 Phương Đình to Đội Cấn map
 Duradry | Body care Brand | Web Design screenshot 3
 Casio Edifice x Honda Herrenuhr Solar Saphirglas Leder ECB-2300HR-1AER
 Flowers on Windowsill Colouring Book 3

...

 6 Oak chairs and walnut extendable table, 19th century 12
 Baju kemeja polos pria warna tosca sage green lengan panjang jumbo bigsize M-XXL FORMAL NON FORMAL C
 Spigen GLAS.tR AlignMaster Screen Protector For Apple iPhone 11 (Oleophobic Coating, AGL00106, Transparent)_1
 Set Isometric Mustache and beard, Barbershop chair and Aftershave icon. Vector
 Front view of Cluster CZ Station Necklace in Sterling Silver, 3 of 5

...

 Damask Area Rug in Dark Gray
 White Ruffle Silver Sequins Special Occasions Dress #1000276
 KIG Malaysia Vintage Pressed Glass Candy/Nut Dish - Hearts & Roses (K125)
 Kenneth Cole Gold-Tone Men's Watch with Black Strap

WORK ORDER: From the data above, say how many lines include "Silver", and write nothing but the number.

RESPONSE AREA: 2